--- Provided records ---
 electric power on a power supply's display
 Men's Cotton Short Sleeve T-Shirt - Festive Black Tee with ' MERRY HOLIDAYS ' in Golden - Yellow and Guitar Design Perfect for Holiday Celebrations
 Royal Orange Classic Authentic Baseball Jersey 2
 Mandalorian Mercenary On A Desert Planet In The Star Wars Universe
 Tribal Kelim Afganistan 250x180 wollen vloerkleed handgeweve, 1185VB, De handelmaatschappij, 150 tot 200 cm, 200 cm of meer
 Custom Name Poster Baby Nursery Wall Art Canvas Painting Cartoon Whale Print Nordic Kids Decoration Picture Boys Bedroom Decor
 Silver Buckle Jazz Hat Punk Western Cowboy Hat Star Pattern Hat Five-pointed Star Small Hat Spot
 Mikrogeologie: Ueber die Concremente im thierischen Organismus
---
--- Provided records ---
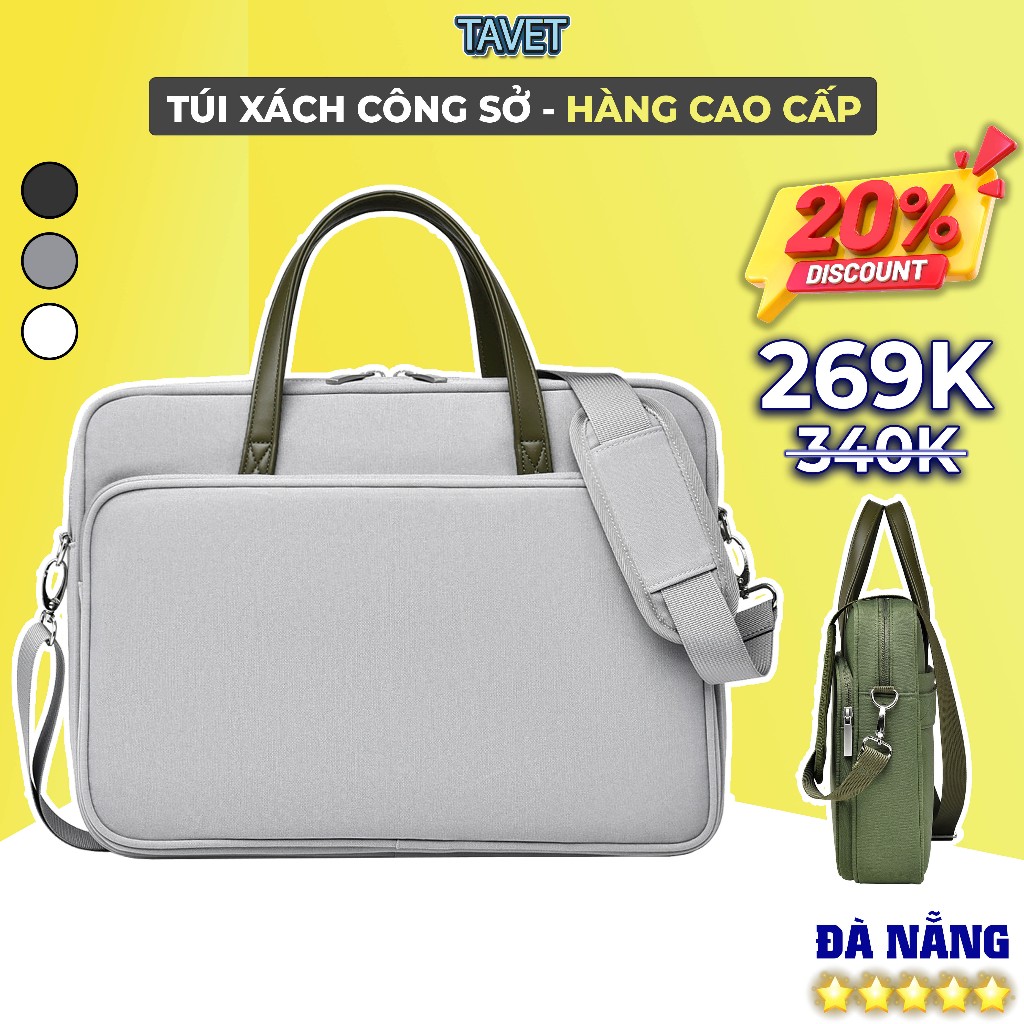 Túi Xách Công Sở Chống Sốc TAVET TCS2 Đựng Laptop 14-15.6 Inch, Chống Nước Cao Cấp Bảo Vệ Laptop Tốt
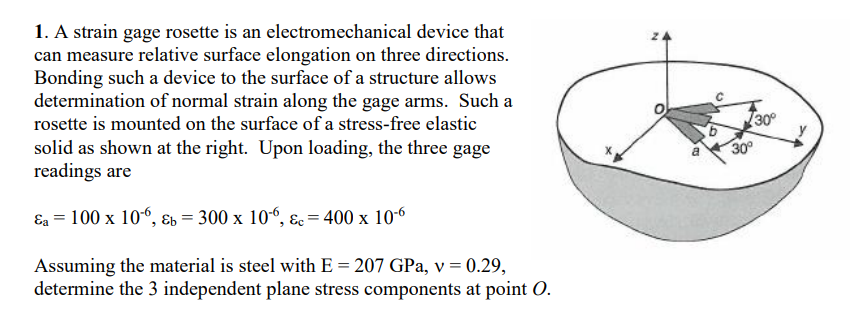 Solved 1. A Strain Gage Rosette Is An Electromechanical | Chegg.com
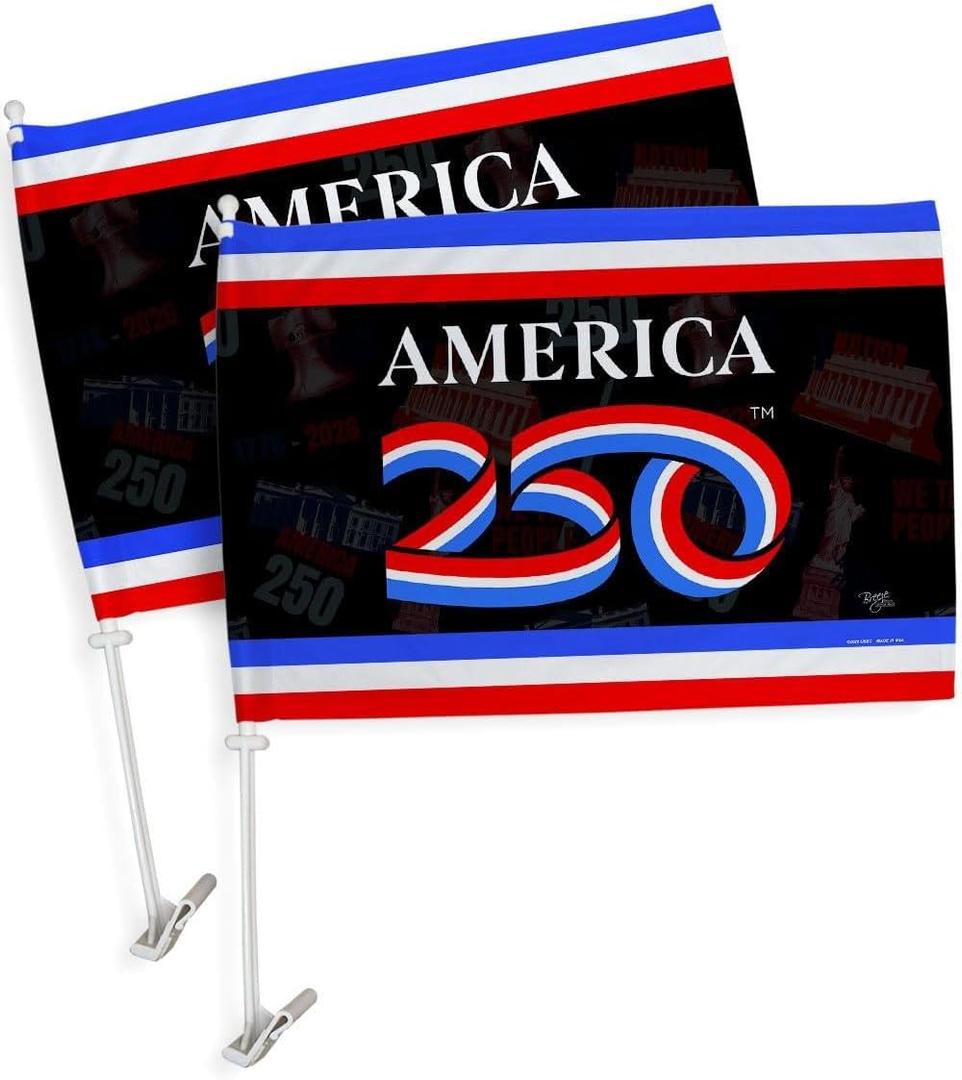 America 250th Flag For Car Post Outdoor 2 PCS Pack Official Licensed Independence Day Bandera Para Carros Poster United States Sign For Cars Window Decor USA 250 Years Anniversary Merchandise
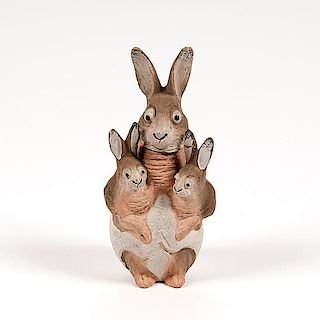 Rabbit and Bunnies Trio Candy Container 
---
--- Provided records ---
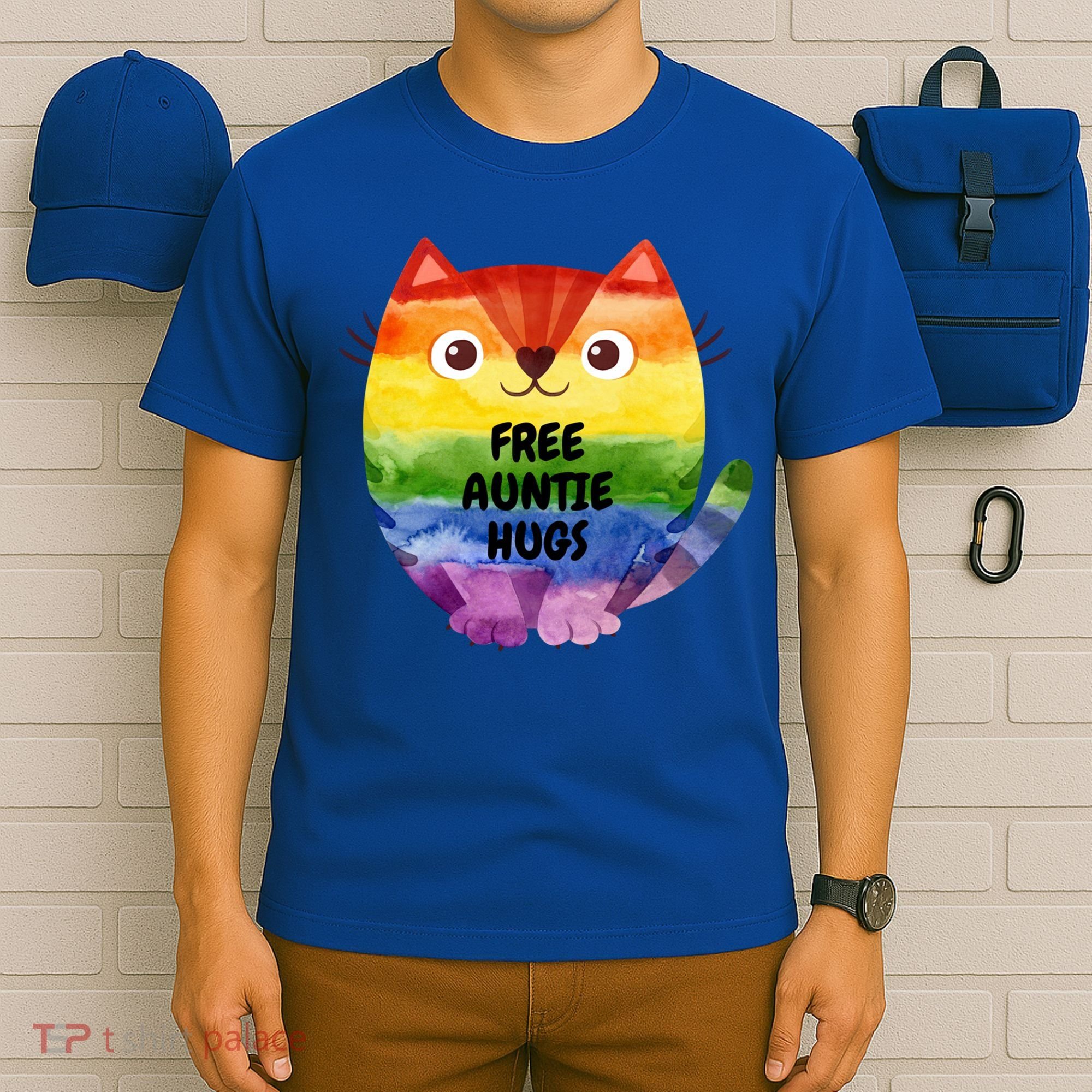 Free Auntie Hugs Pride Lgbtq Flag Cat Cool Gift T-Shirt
---
**What you should do:** Take the lines above from the one containing "Royal Orange Classic" down to the one containing "Tribal Kelim Afganistan", and transcribe them exactly, both ends included.

**Response:**
 Royal Orange Classic Authentic Baseball Jersey 2
 Mandalorian Mercenary On A Desert Planet In The Star Wars Universe
 Tribal Kelim Afganistan 250x180 wollen vloerkleed handgeweve, 1185VB, De handelmaatschappij, 150 tot 200 cm, 200 cm of meer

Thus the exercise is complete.